**Dataset extract**
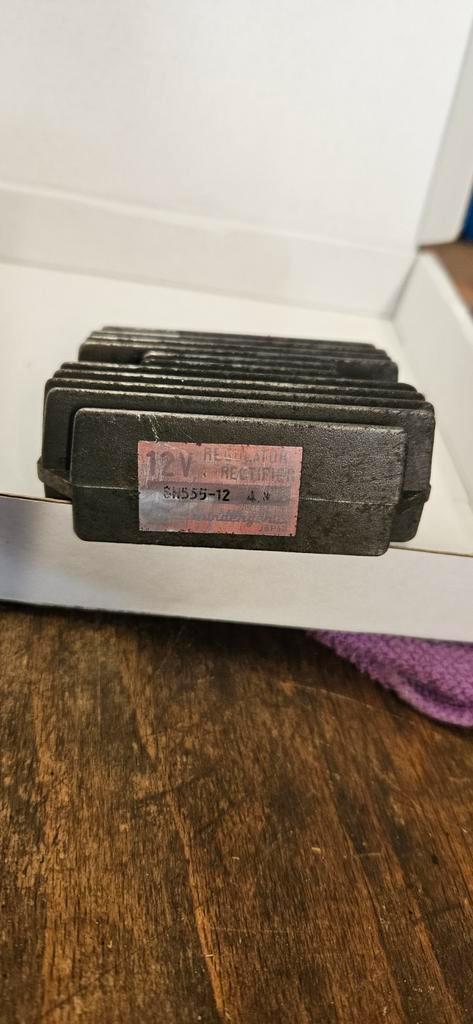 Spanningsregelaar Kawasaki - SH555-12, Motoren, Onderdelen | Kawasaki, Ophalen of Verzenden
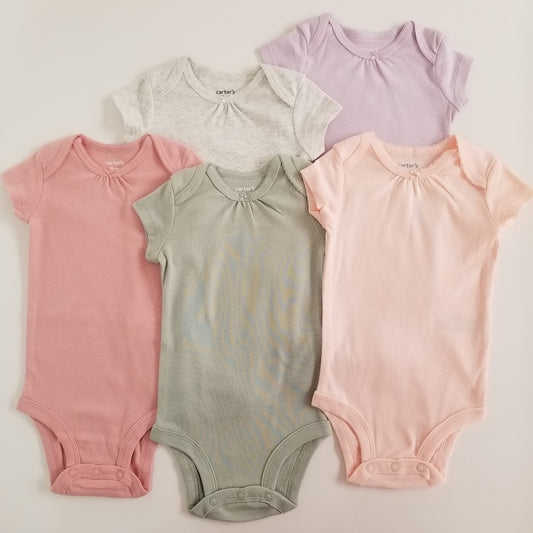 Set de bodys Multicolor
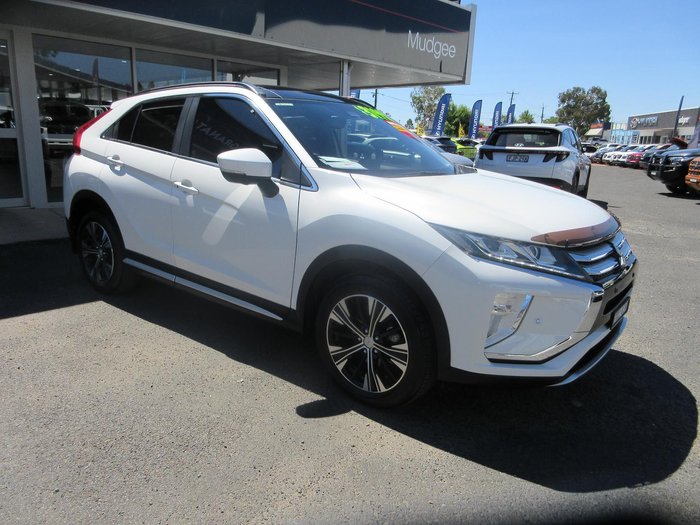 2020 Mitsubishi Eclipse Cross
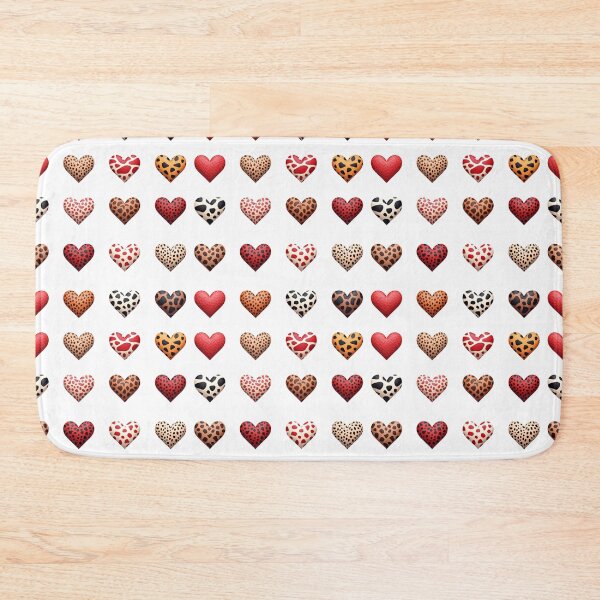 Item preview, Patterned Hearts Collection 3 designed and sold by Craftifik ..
...
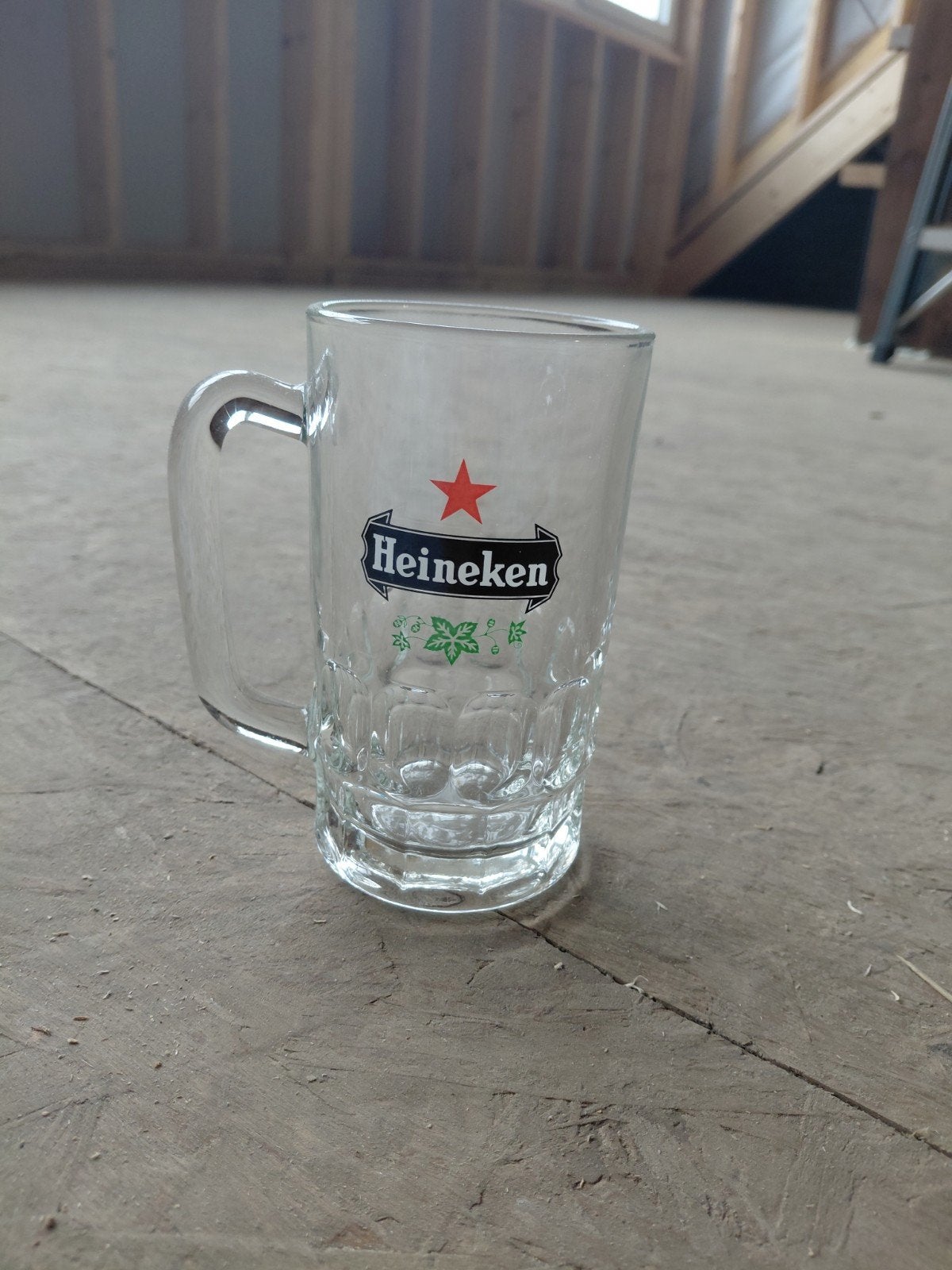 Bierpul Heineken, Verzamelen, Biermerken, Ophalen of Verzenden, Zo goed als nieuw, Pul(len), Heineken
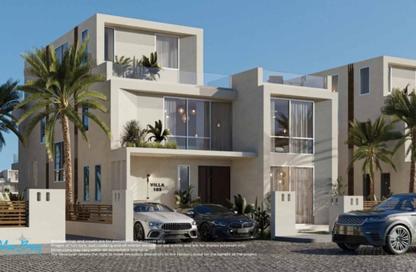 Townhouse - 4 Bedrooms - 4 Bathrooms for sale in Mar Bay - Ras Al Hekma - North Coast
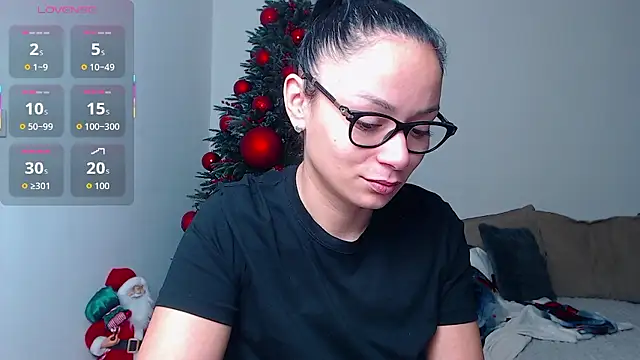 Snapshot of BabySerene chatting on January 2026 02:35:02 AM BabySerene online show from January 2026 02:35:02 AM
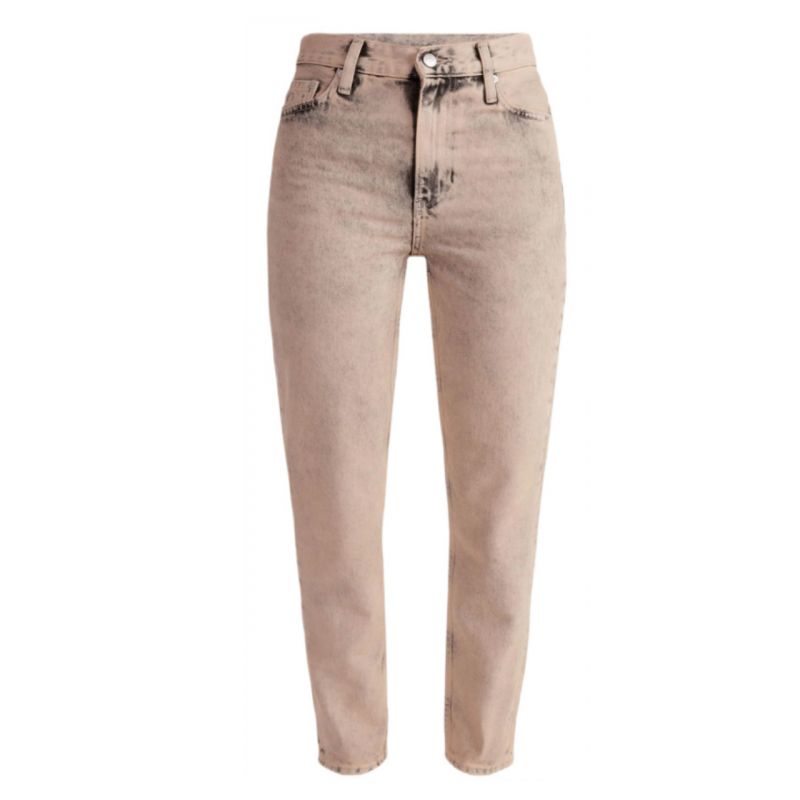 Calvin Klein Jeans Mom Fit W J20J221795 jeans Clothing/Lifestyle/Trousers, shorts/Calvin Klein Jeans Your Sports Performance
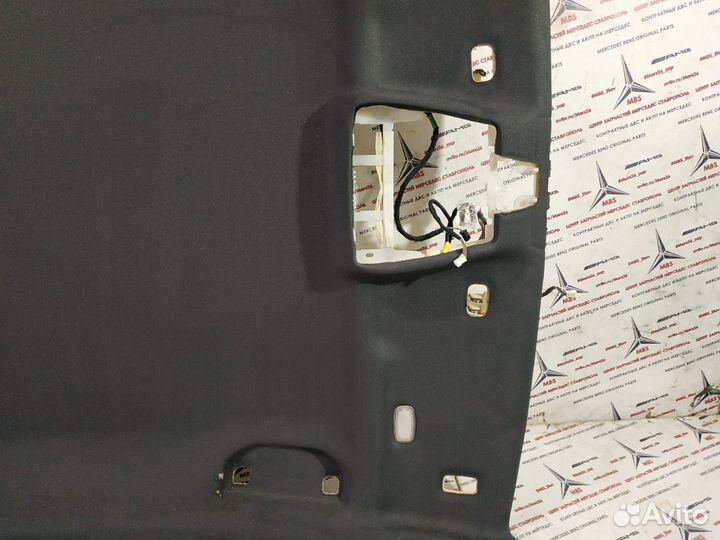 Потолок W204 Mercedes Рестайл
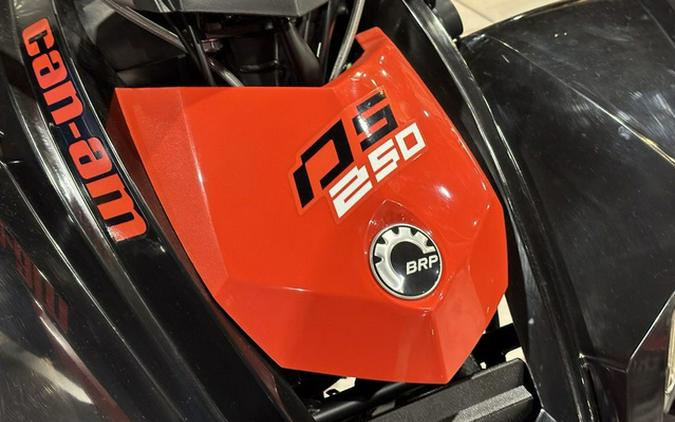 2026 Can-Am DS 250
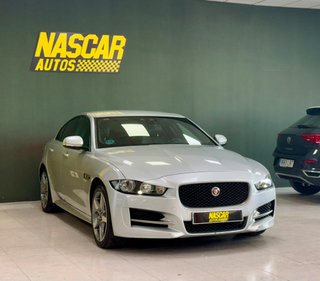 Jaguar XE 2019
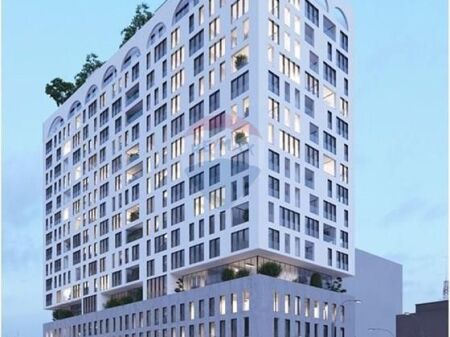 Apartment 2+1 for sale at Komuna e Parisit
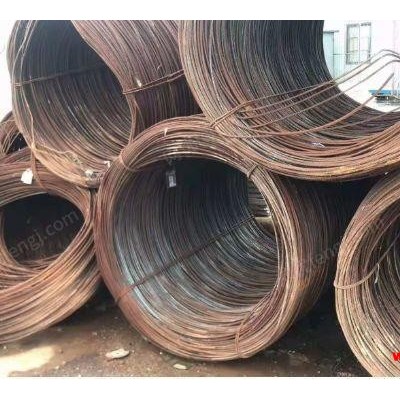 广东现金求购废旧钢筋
==
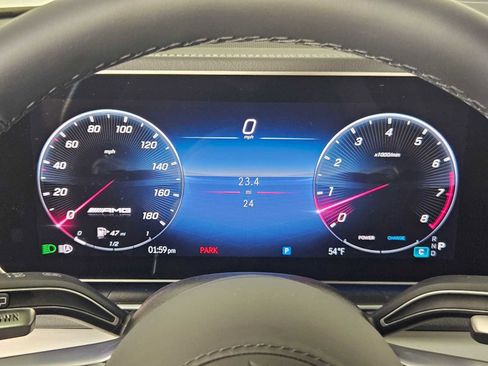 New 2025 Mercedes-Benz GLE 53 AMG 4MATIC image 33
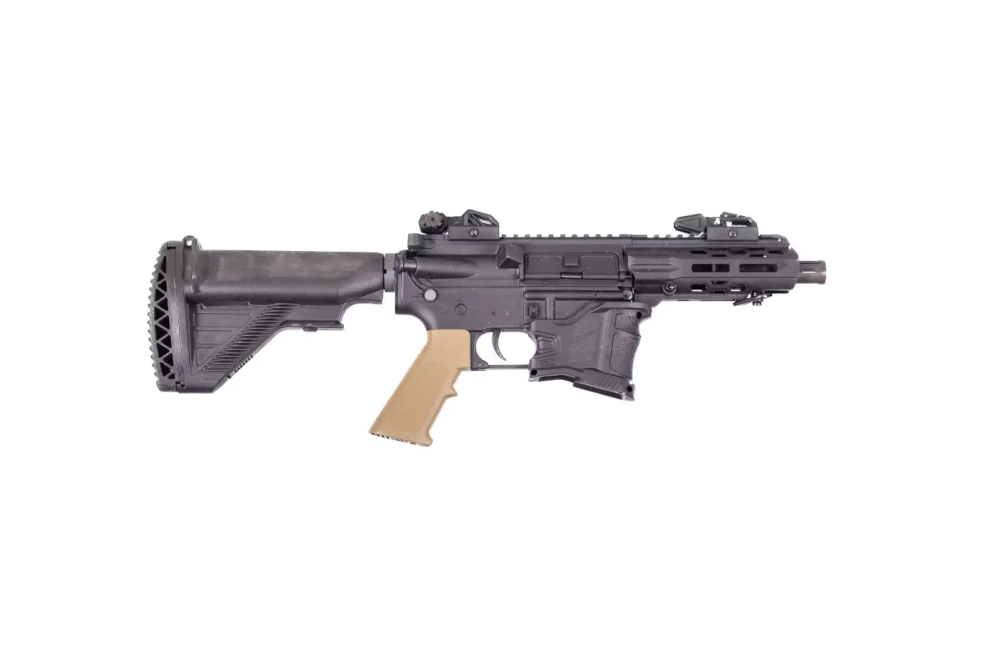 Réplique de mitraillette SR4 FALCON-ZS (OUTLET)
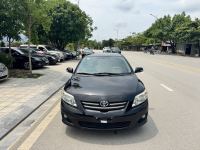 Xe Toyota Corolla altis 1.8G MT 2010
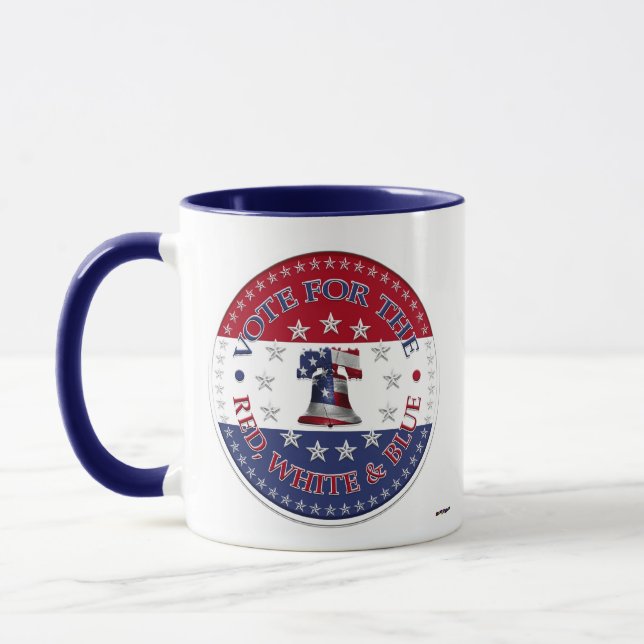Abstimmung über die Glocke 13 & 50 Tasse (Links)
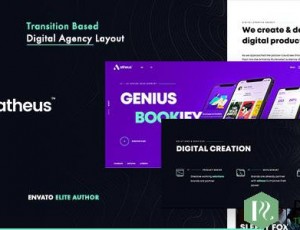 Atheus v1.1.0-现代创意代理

**What the task requires**
Copy exactly, without pictures, the lines above from the one with "New 2025 Mercedes-Benz" down to the one with "Atheus v1.1.0-现代创意代理", inclusive.

**Exercise result**
 New 2025 Mercedes-Benz GLE 53 AMG 4MATIC image 33
 Réplique de mitraillette SR4 FALCON-ZS (OUTLET)
 Xe Toyota Corolla altis 1.8G MT 2010
Abstimmung über die Glocke 13 & 50 Tasse (Links)
 Atheus v1.1.0-现代创意代理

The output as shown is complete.